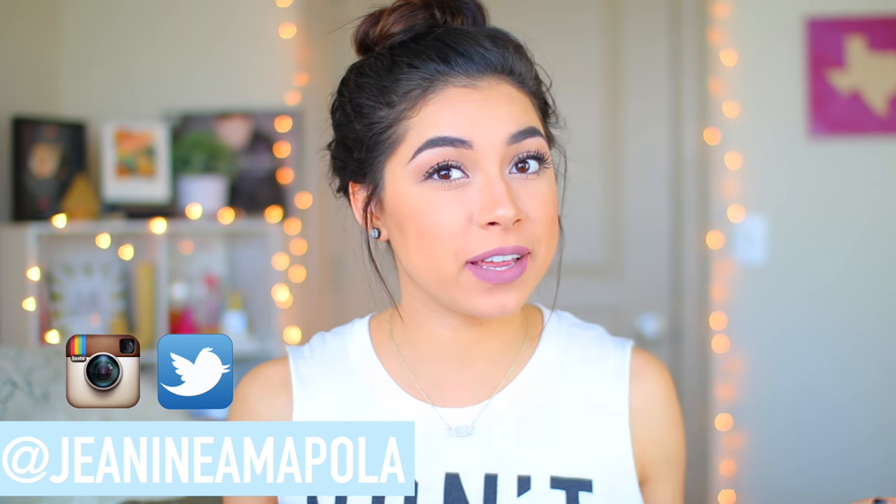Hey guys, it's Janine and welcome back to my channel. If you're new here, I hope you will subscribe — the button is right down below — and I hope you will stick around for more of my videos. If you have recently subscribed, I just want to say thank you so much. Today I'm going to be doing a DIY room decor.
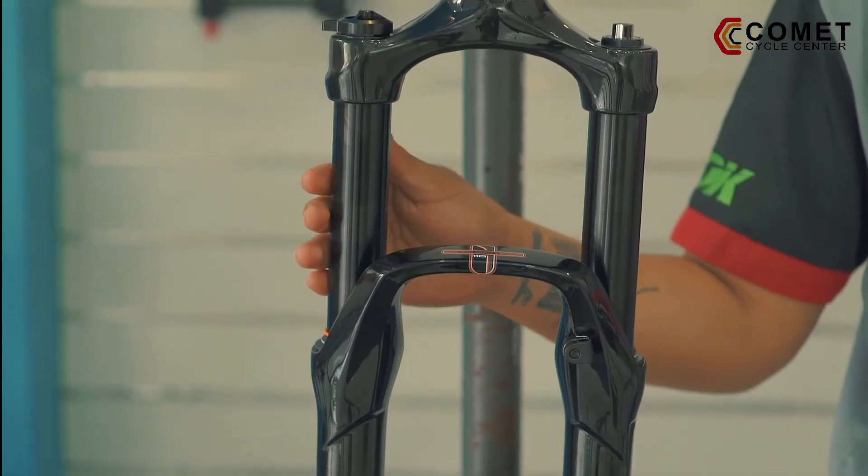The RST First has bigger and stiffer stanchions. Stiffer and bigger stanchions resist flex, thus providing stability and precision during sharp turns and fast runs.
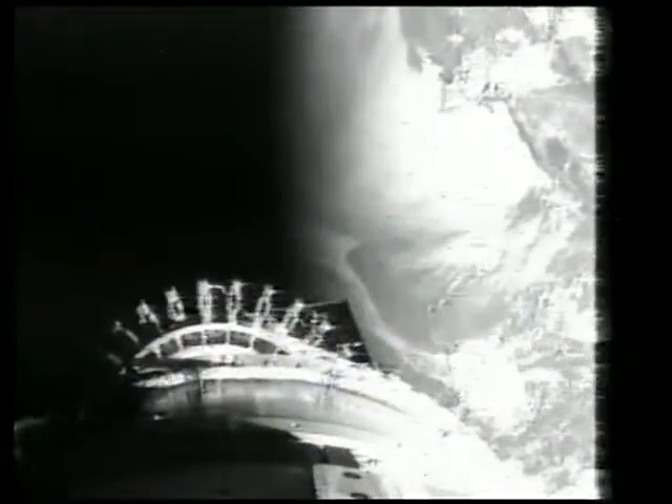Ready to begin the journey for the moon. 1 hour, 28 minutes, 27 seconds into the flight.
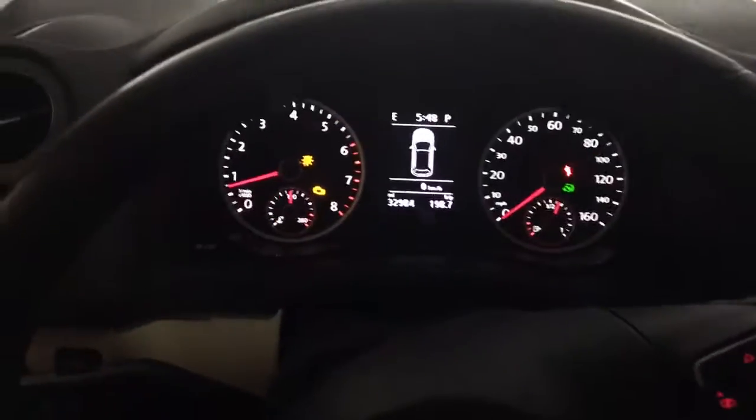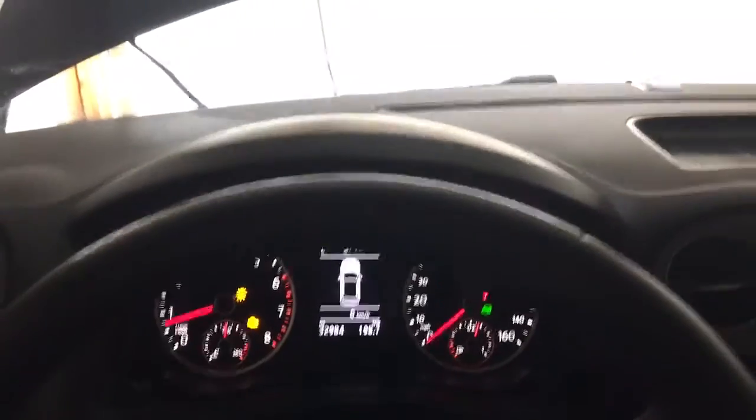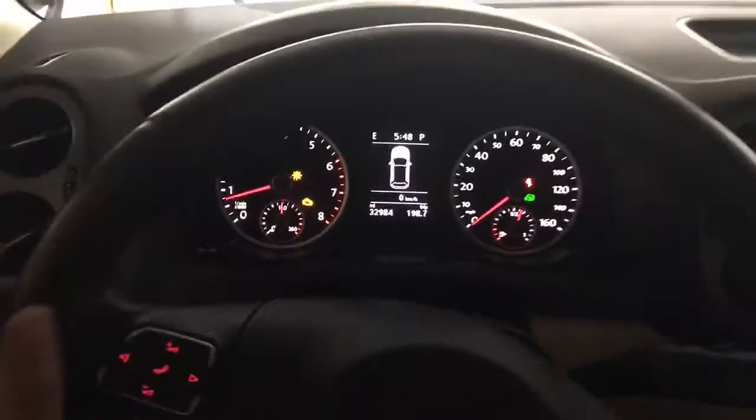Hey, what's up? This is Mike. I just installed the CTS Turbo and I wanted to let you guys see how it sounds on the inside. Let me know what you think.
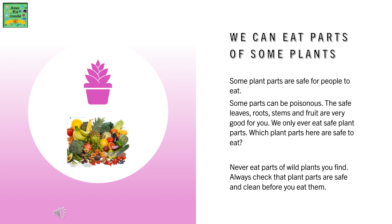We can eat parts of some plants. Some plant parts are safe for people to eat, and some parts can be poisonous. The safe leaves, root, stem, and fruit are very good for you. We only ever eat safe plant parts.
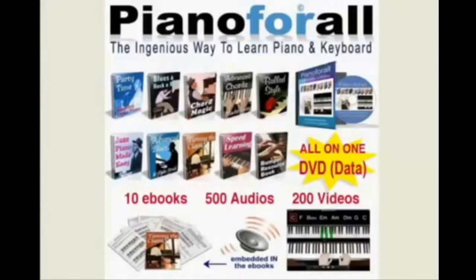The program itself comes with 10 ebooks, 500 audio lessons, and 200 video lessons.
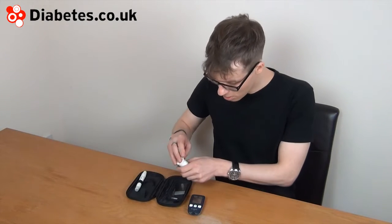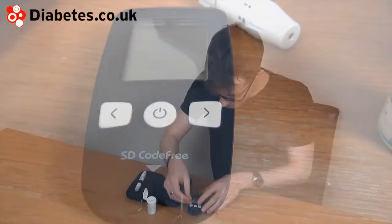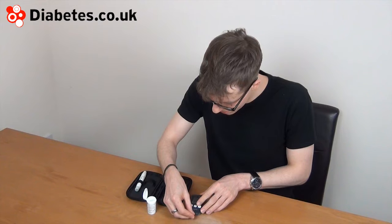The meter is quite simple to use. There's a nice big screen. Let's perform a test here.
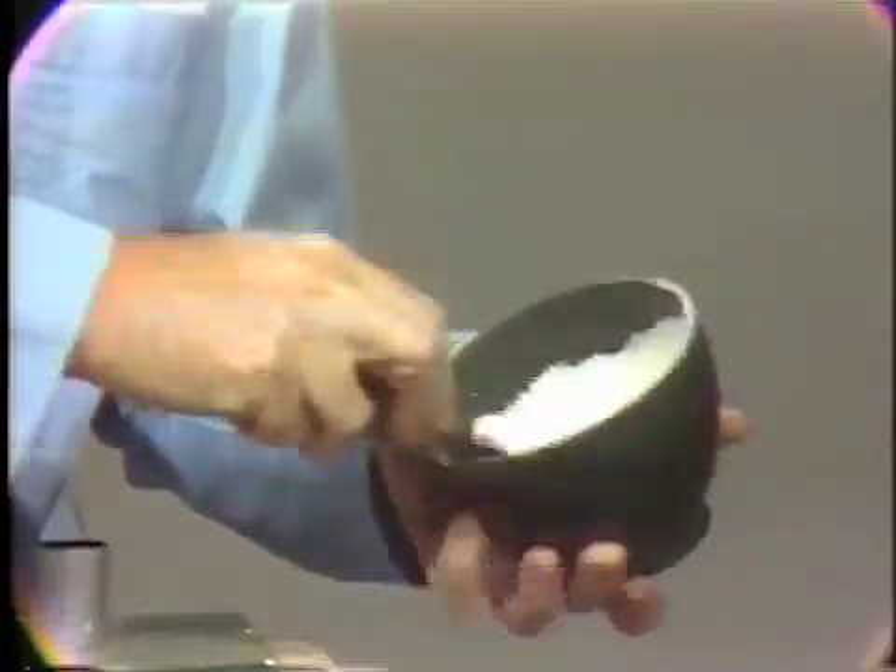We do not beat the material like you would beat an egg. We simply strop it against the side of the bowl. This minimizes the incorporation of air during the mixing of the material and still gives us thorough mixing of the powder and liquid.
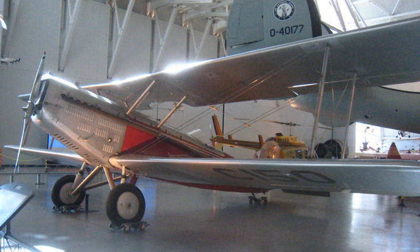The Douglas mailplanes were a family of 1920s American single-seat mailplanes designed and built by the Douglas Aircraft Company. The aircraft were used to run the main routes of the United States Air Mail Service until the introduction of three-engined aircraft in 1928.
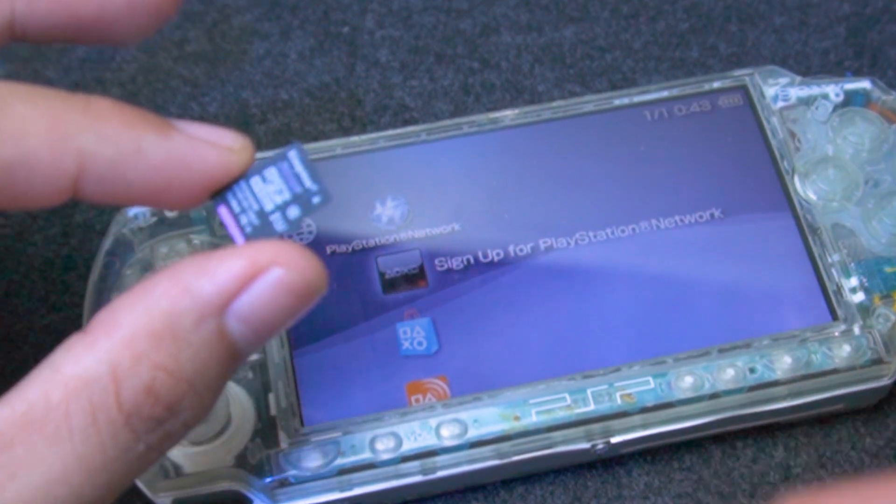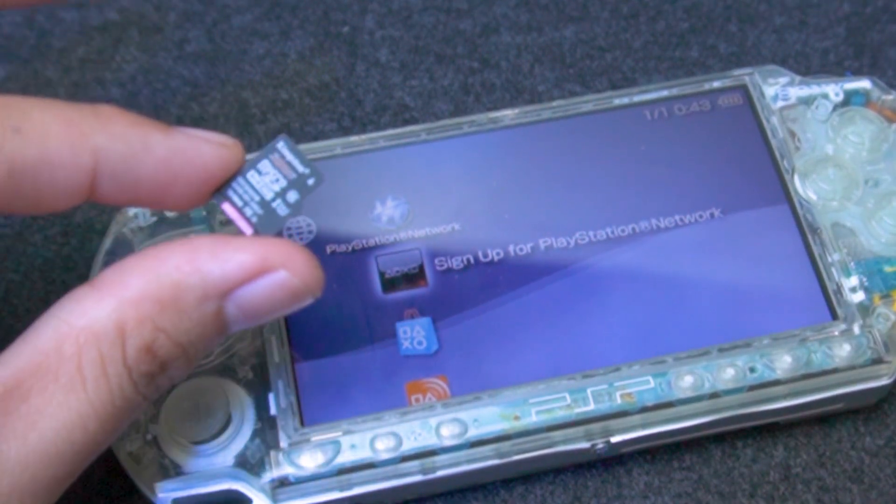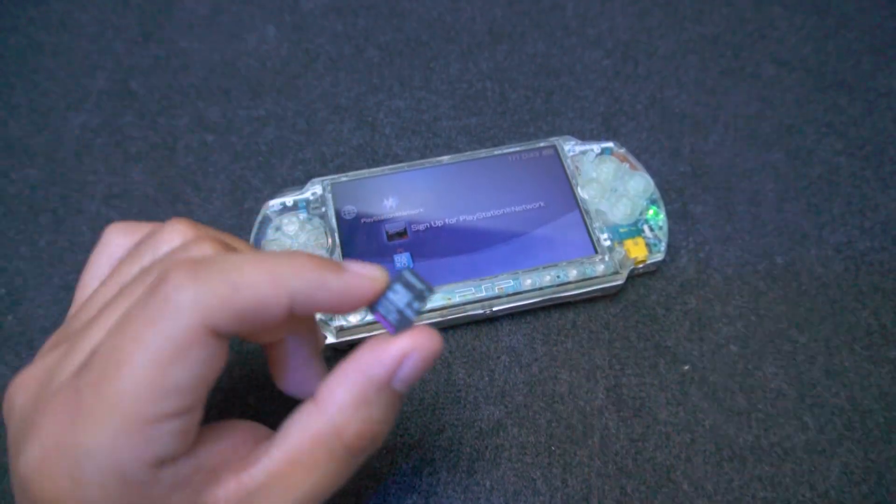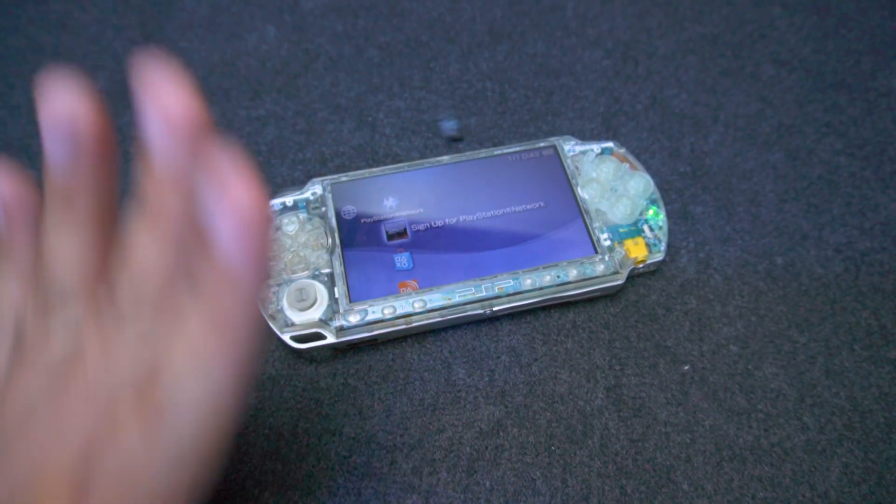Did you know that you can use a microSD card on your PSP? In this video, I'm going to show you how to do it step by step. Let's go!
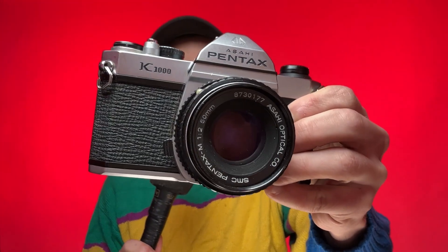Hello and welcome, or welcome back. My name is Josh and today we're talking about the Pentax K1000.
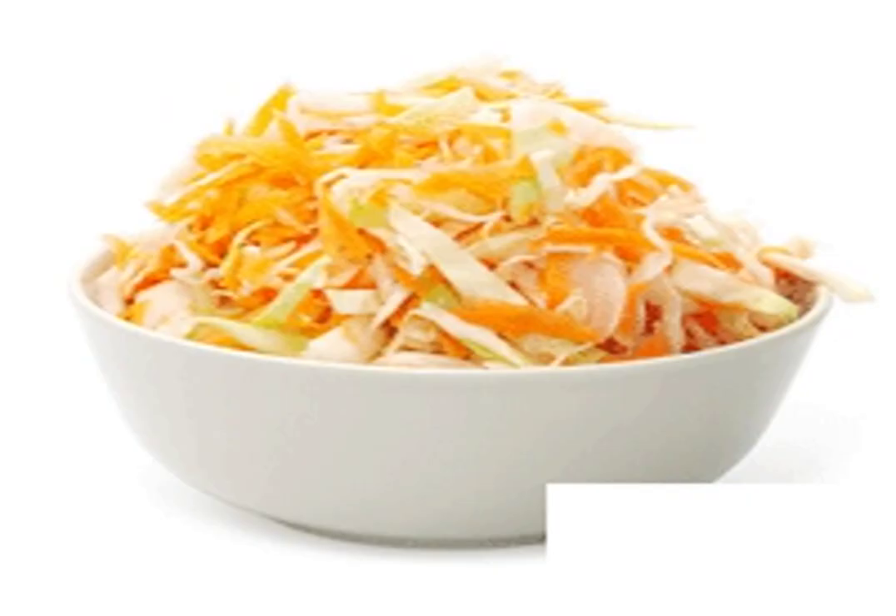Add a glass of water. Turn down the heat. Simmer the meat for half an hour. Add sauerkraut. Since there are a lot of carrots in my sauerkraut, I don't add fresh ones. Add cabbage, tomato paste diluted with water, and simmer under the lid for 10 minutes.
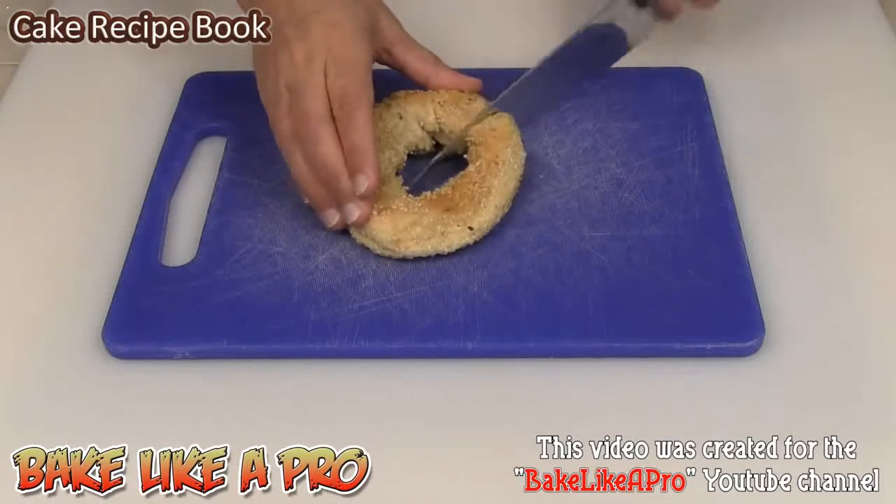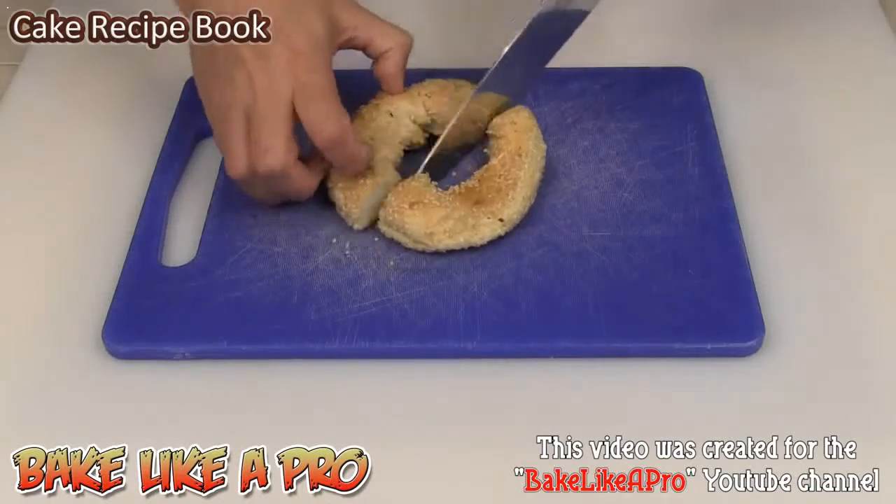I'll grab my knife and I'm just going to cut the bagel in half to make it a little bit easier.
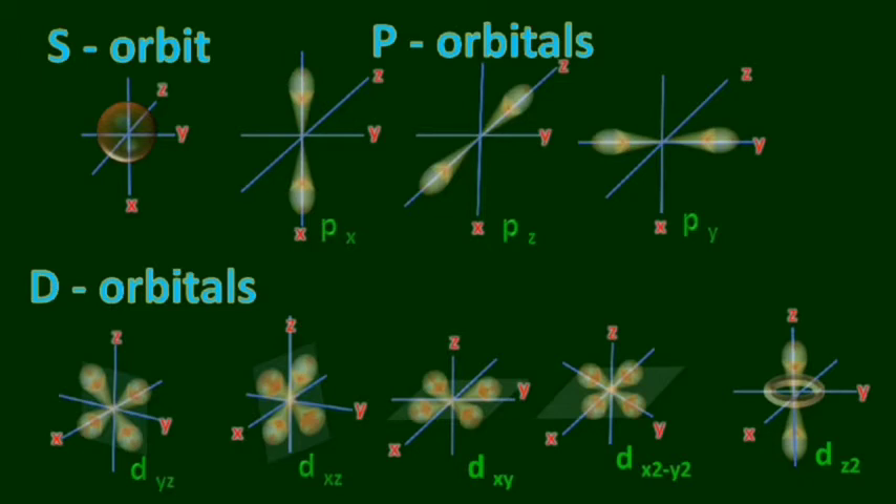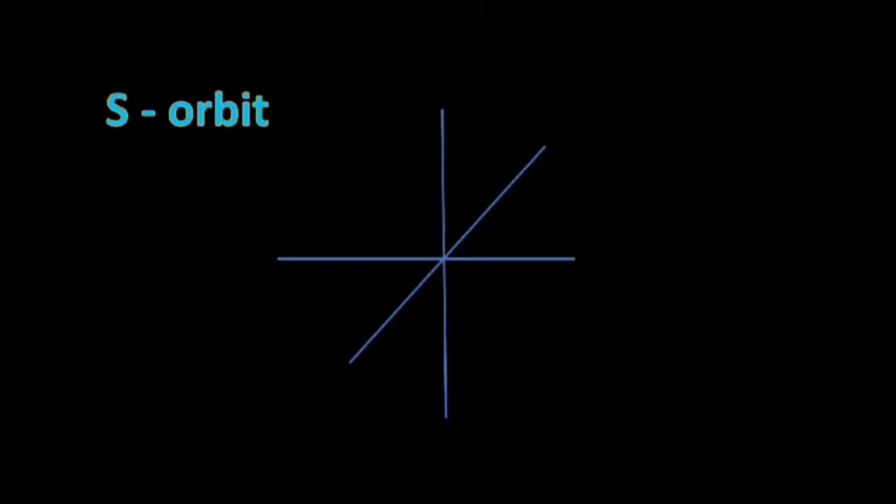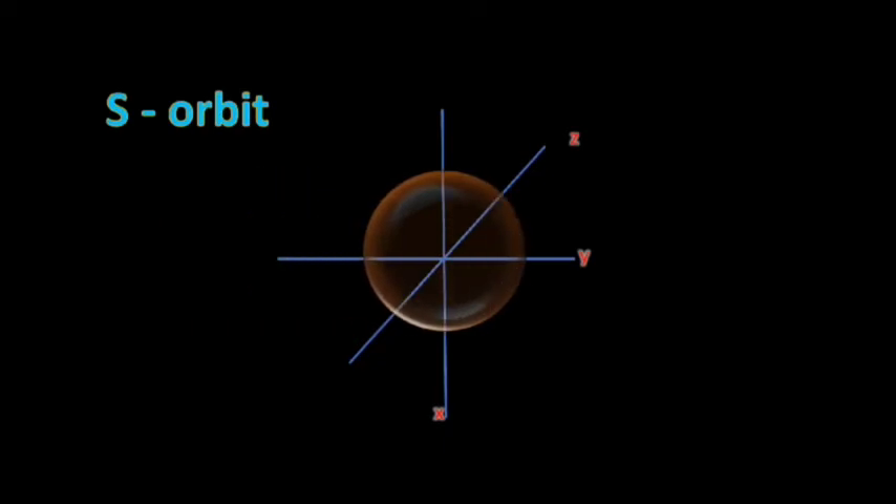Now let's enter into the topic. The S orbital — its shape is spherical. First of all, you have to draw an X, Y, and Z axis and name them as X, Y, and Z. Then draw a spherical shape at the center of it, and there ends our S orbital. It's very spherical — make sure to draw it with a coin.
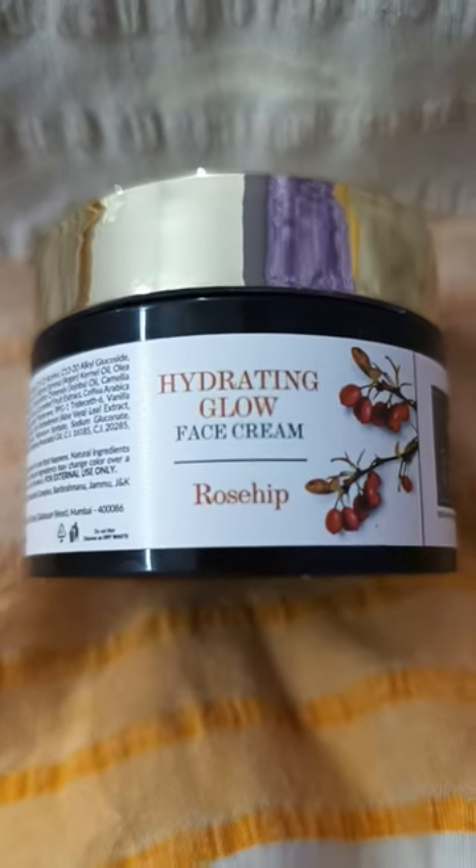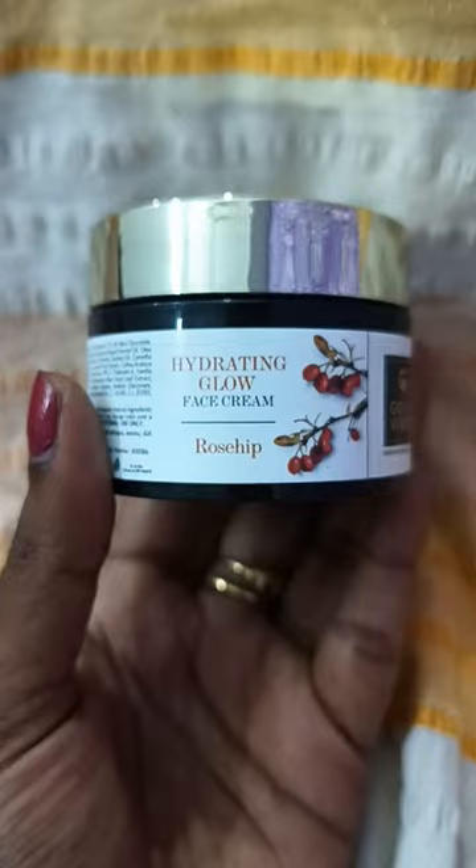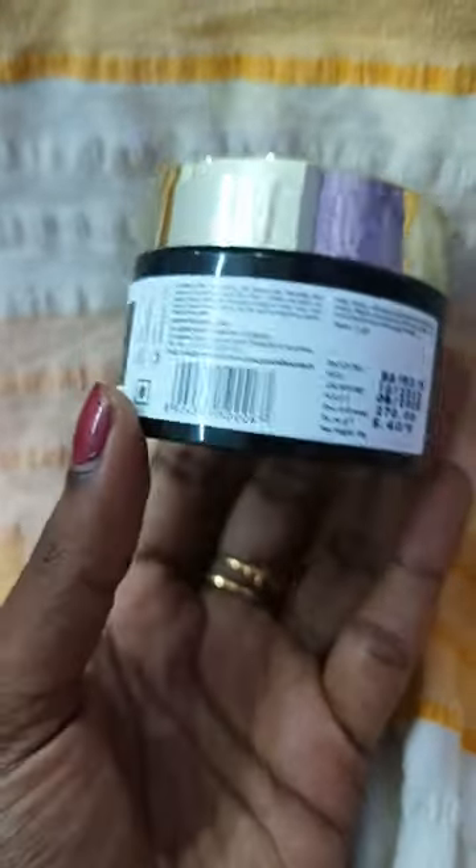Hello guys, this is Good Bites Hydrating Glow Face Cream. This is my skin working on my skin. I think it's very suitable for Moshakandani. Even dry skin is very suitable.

What you should do:
Transcribe every entry word for word, excluding images.

Expected answer:
Hey guys, it's Janine and welcome back to my channel. If you're new here, I hope you will subscribe — the button is right down below — and I hope you will stick around for more of my videos. If you have recently subscribed, I just want to say thank you so much. Today I'm going to be doing a DIY room decor.
The RST First has bigger and stiffer stanchions. Stiffer and bigger stanchions resist flex, thus providing stability and precision during sharp turns and fast runs.
Ready to begin the journey for the moon. 1 hour, 28 minutes, 27 seconds into the flight.
Hey, what's up? This is Mike. I just installed the CTS Turbo and I wanted to let you guys see how it sounds on the inside. Let me know what you think.
We can eat parts of some plants. Some plant parts are safe for people to eat, and some parts can be poisonous. The safe leaves, root, stem, and fruit are very good for you. We only ever eat safe plant parts.
The program itself comes with 10 ebooks, 500 audio lessons, and 200 video lessons.
The meter is quite simple to use. There's a nice big screen. Let's perform a test here.
We do not beat the material like you would beat an egg. We simply strop it against the side of the bowl. This minimizes the incorporation of air during the mixing of the material and still gives us thorough mixing of the powder and liquid.
The Douglas mailplanes were a family of 1920s American single-seat mailplanes designed and built by the Douglas Aircraft Company. The aircraft were used to run the main routes of the United States Air Mail Service until the introduction of three-engined aircraft in 1928.
Did you know that you can use a microSD card on your PSP? In this video, I'm going to show you how to do it step by step. Let's go!
Hello and welcome, or welcome back. My name is Josh and today we're talking about the Pentax K1000.
Add a glass of water. Turn down the heat. Simmer the meat for half an hour. Add sauerkraut. Since there are a lot of carrots in my sauerkraut, I don't add fresh ones. Add cabbage, tomato paste diluted with water, and simmer under the lid for 10 minutes.
I'll grab my knife and I'm just going to cut the bagel in half to make it a little bit easier.
Now let's enter into the topic. The S orbital — its shape is spherical. First of all, you have to draw an X, Y, and Z axis and name them as X, Y, and Z. Then draw a spherical shape at the center of it, and there ends our S orbital. It's very spherical — make sure to draw it with a coin.
Hello guys, this is Good Bites Hydrating Glow Face Cream. This is my skin working on my skin. I think it's very suitable for Moshakandani. Even dry skin is very suitable.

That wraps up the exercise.